Task instructions: Copy without pictures. Please restate each line of the listing exactly.

Records supplied:
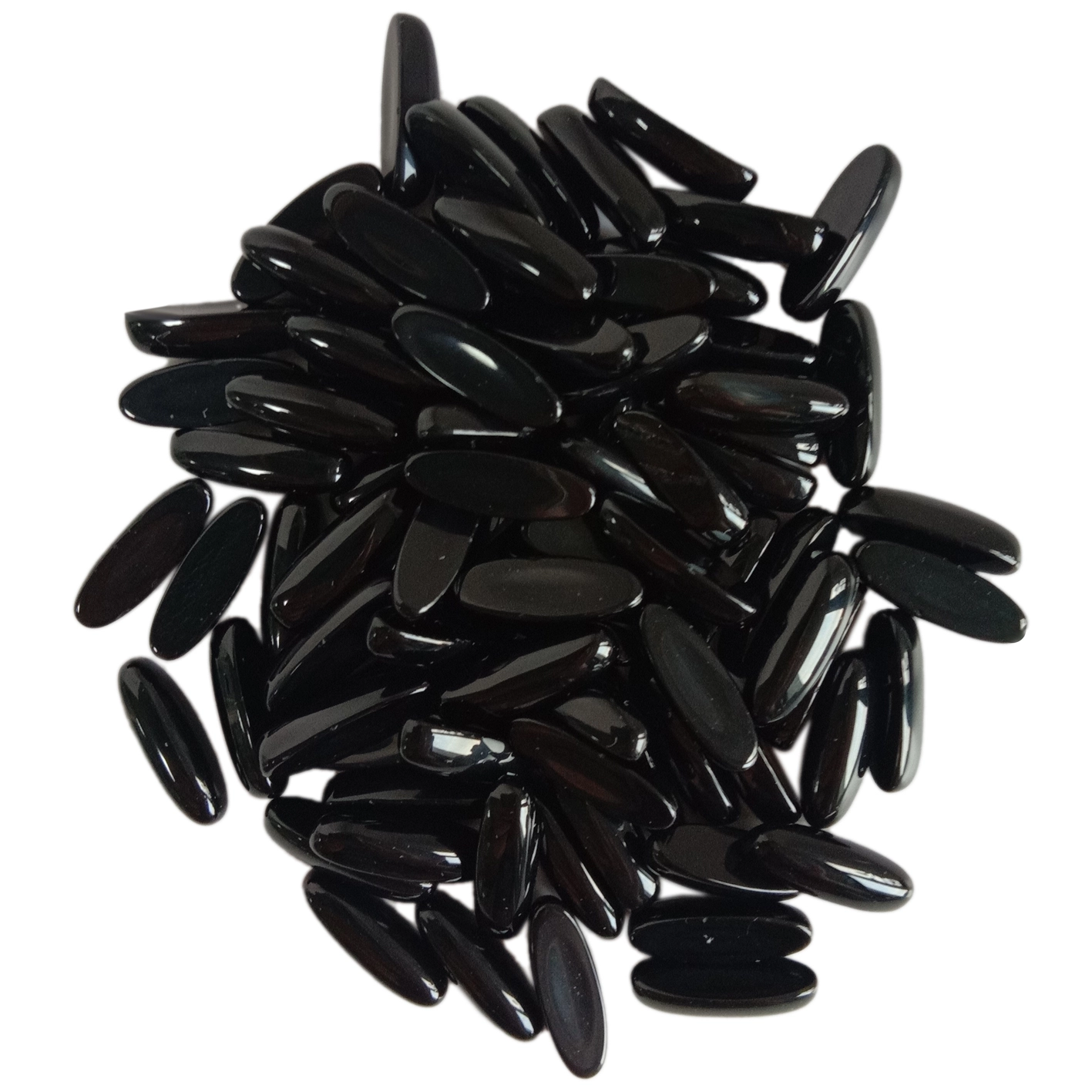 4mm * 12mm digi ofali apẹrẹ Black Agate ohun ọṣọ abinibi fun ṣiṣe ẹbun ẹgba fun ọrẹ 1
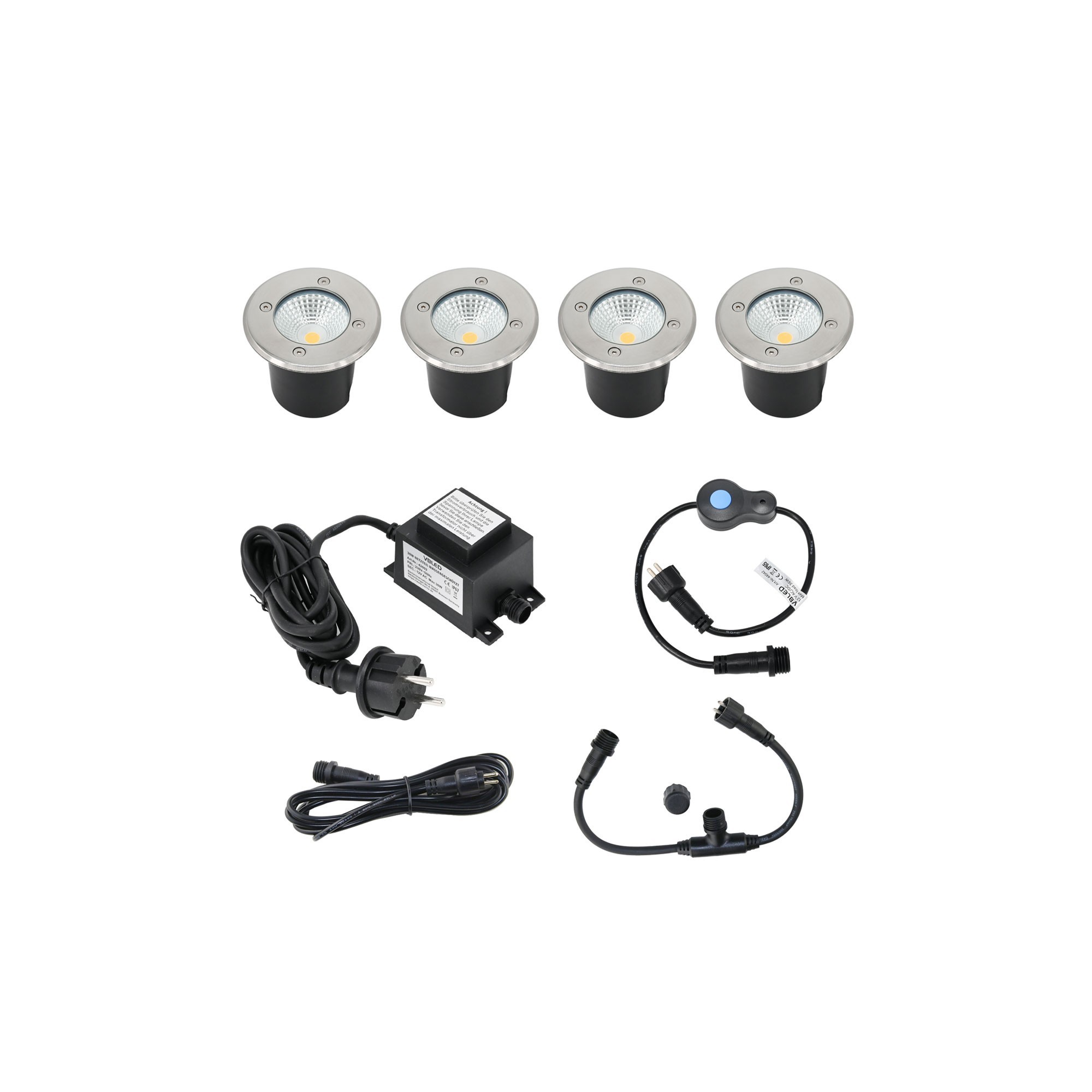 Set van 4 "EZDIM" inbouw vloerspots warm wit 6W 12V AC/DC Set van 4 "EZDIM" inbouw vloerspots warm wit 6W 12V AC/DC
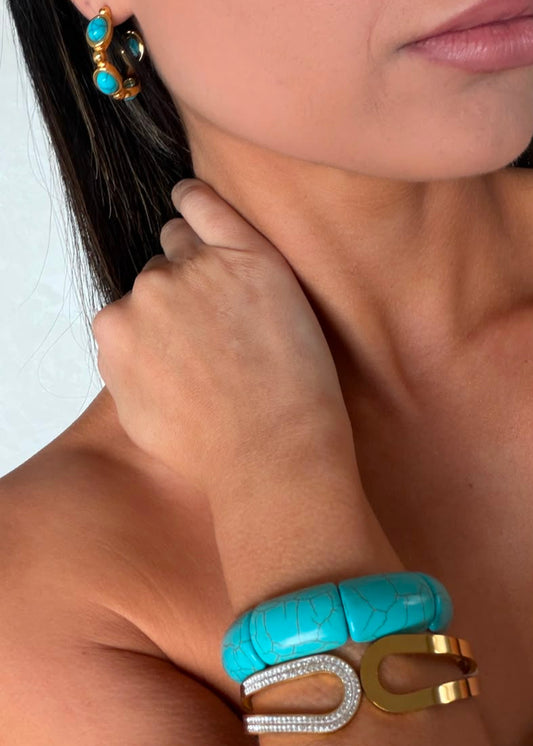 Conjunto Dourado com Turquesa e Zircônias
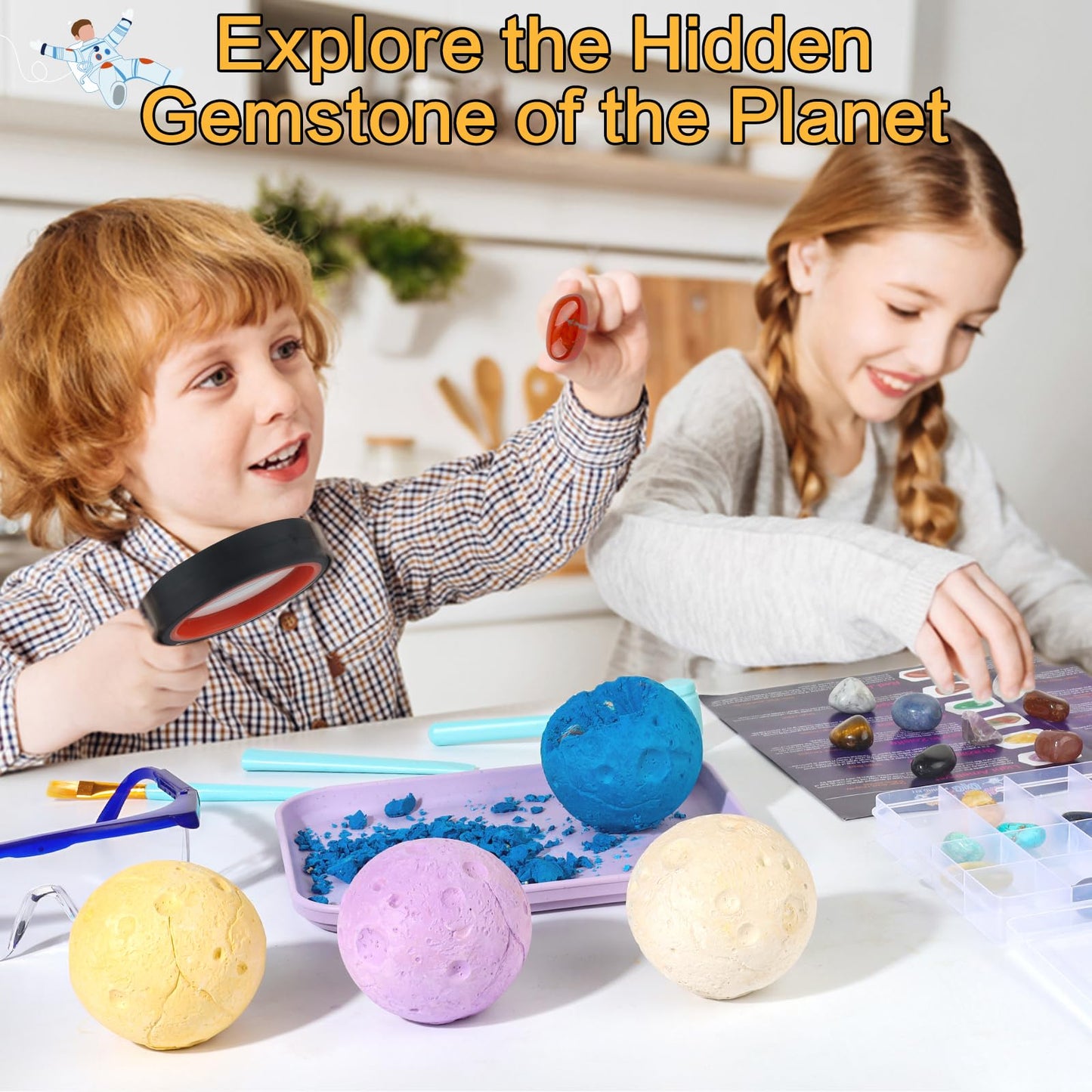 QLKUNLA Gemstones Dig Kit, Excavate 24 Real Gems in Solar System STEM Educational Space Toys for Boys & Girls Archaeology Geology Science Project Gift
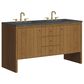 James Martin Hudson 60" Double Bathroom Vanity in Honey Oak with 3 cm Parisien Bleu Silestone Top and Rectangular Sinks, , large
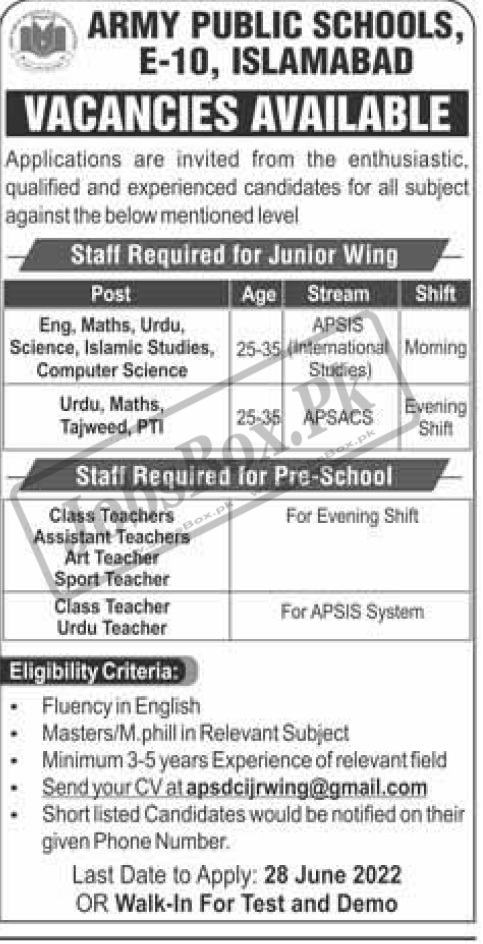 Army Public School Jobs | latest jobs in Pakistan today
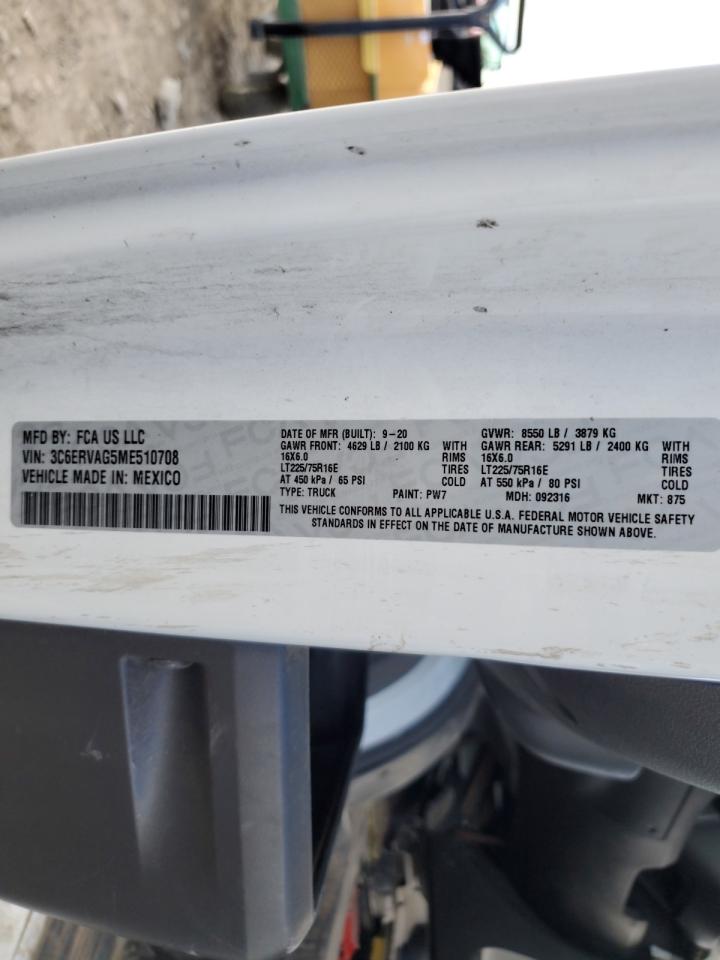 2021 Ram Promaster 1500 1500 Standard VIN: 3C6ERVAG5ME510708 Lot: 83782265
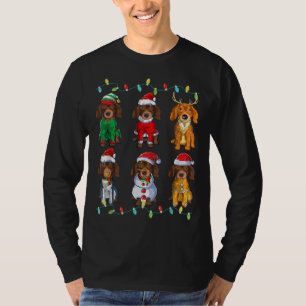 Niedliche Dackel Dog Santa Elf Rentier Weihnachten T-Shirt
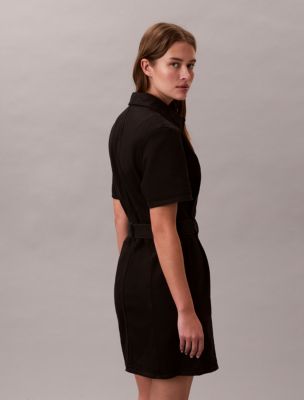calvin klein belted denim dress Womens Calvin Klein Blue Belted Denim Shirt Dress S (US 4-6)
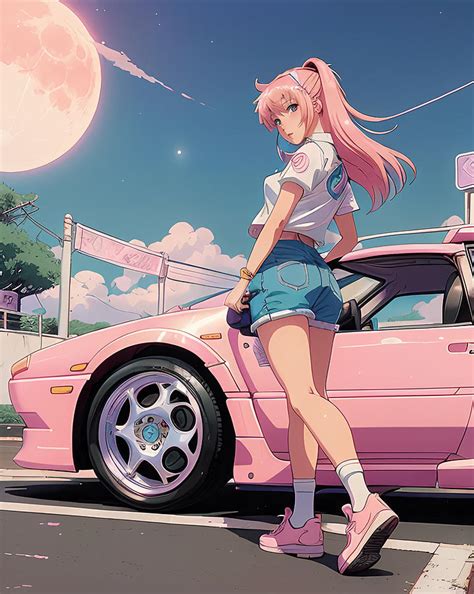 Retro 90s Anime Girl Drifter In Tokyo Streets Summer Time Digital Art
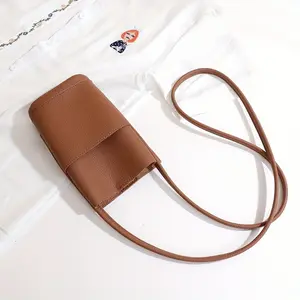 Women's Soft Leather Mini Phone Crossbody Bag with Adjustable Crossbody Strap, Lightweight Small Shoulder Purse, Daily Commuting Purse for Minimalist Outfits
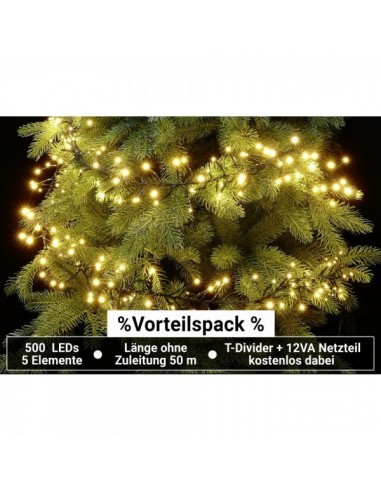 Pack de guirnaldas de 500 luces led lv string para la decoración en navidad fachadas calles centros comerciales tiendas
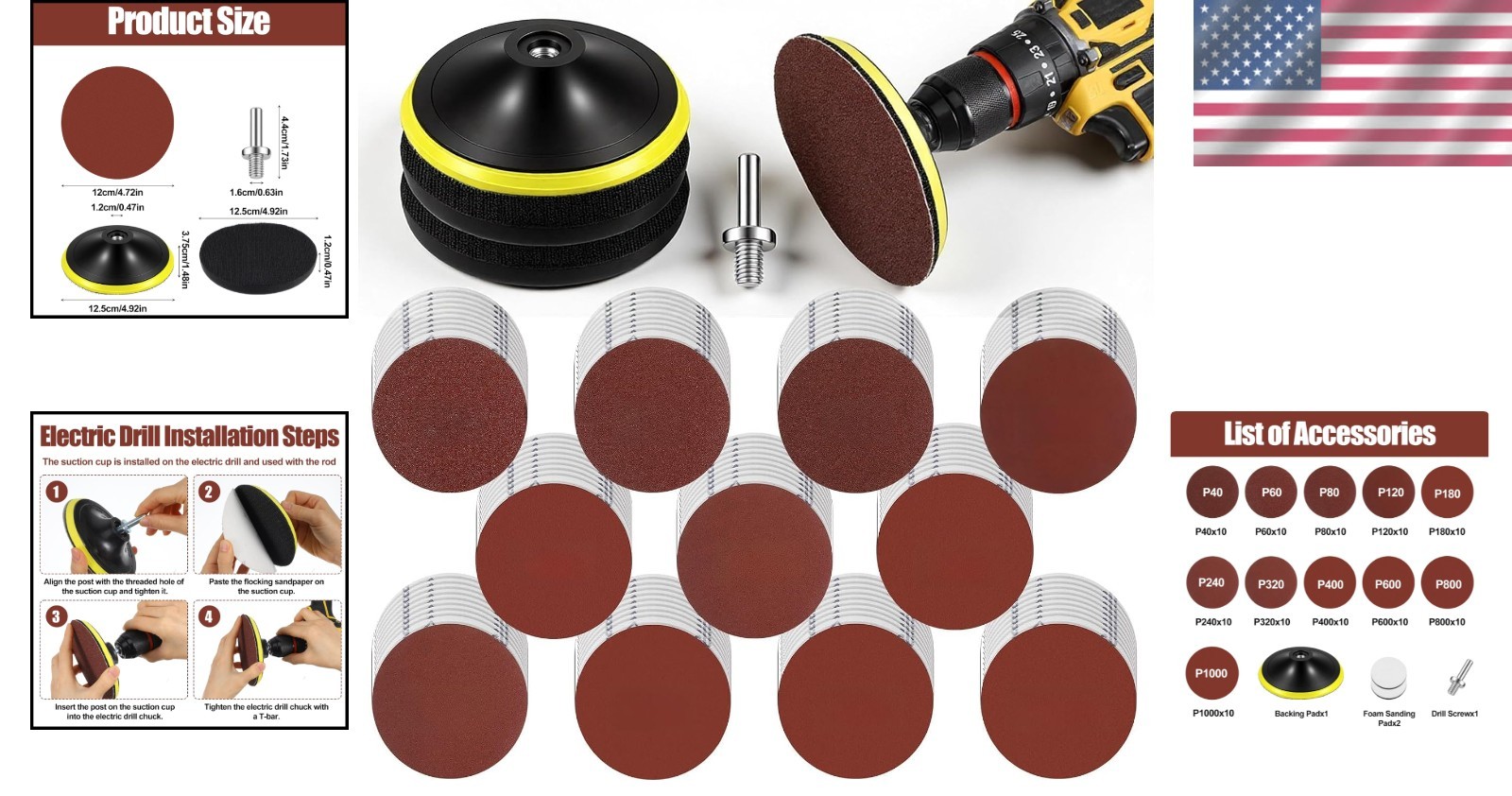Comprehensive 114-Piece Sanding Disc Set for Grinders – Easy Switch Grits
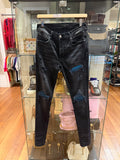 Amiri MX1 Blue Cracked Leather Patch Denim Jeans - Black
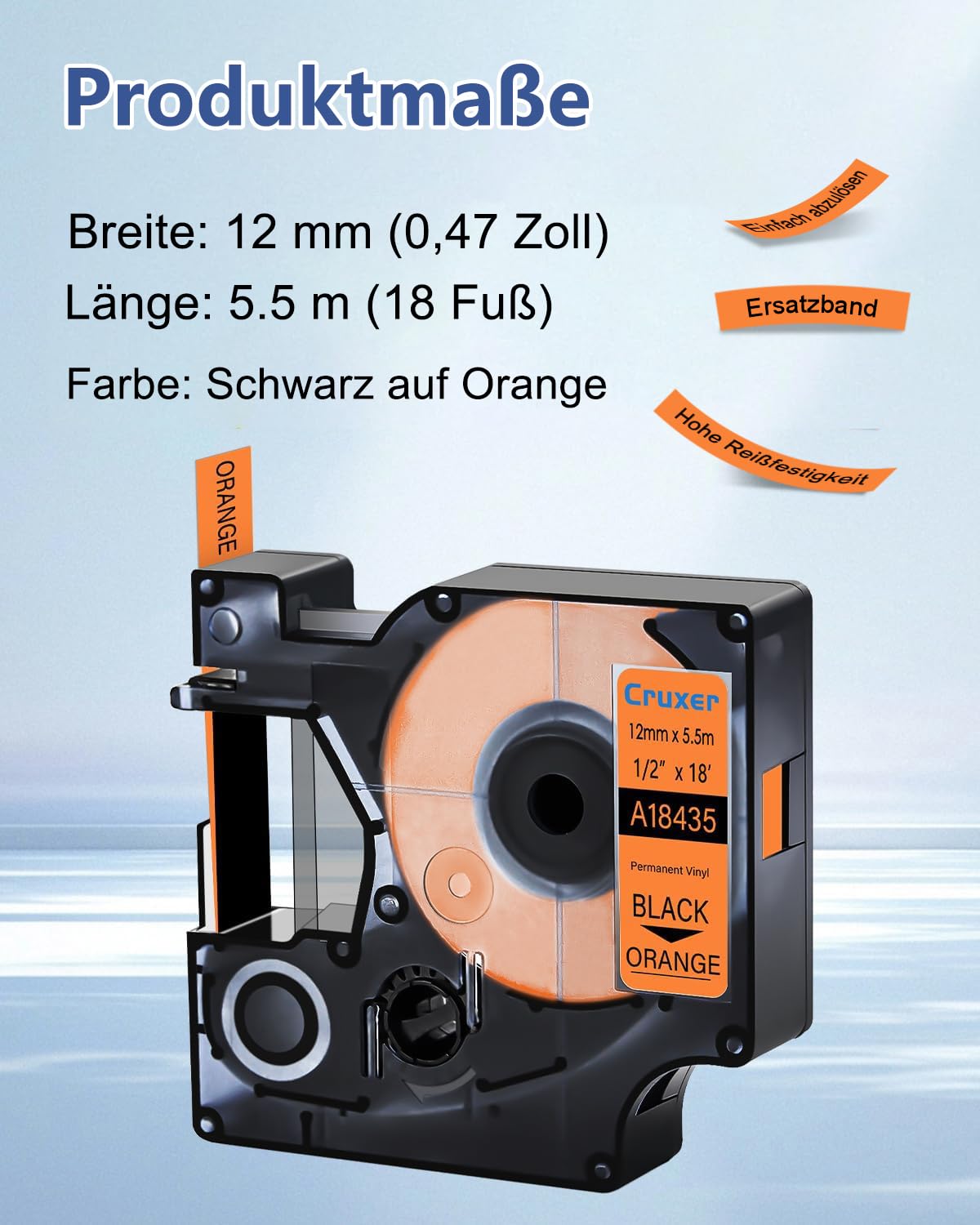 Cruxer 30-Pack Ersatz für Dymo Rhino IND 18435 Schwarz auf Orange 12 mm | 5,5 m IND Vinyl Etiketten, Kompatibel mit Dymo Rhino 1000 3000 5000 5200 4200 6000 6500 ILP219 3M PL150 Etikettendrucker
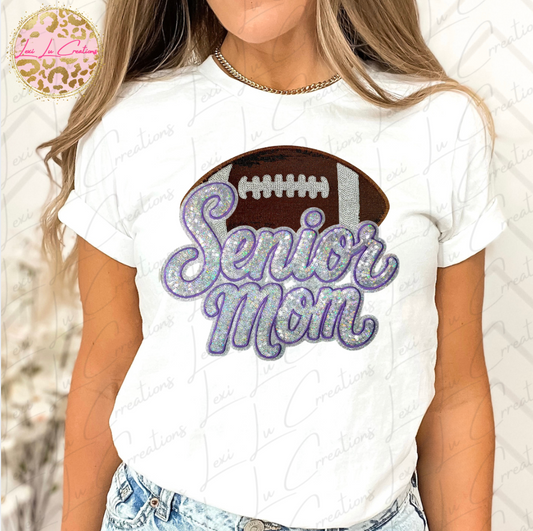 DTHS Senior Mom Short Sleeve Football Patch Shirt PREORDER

Response:
 4mm * 12mm digi ofali apẹrẹ Black Agate ohun ọṣọ abinibi fun ṣiṣe ẹbun ẹgba fun ọrẹ 1
 Set van 4 "EZDIM" inbouw vloerspots warm wit 6W 12V AC/DC Set van 4 "EZDIM" inbouw vloerspots warm wit 6W 12V AC/DC
 Conjunto Dourado com Turquesa e Zircônias
 QLKUNLA Gemstones Dig Kit, Excavate 24 Real Gems in Solar System STEM Educational Space Toys for Boys & Girls Archaeology Geology Science Project Gift
 James Martin Hudson 60" Double Bathroom Vanity in Honey Oak with 3 cm Parisien Bleu Silestone Top and Rectangular Sinks, , large
 Army Public School Jobs | latest jobs in Pakistan today
 2021 Ram Promaster 1500 1500 Standard VIN: 3C6ERVAG5ME510708 Lot: 83782265
 Niedliche Dackel Dog Santa Elf Rentier Weihnachten T-Shirt
calvin klein belted denim dress Womens Calvin Klein Blue Belted Denim Shirt Dress S (US 4-6)
 Retro 90s Anime Girl Drifter In Tokyo Streets Summer Time Digital Art
 Women's Soft Leather Mini Phone Crossbody Bag with Adjustable Crossbody Strap, Lightweight Small Shoulder Purse, Daily Commuting Purse for Minimalist Outfits
 Pack de guirnaldas de 500 luces led lv string para la decoración en navidad fachadas calles centros comerciales tiendas
Comprehensive 114-Piece Sanding Disc Set for Grinders – Easy Switch Grits
 Amiri MX1 Blue Cracked Leather Patch Denim Jeans - Black
 Cruxer 30-Pack Ersatz für Dymo Rhino IND 18435 Schwarz auf Orange 12 mm | 5,5 m IND Vinyl Etiketten, Kompatibel mit Dymo Rhino 1000 3000 5000 5200 4200 6000 6500 ILP219 3M PL150 Etikettendrucker
 DTHS Senior Mom Short Sleeve Football Patch Shirt PREORDER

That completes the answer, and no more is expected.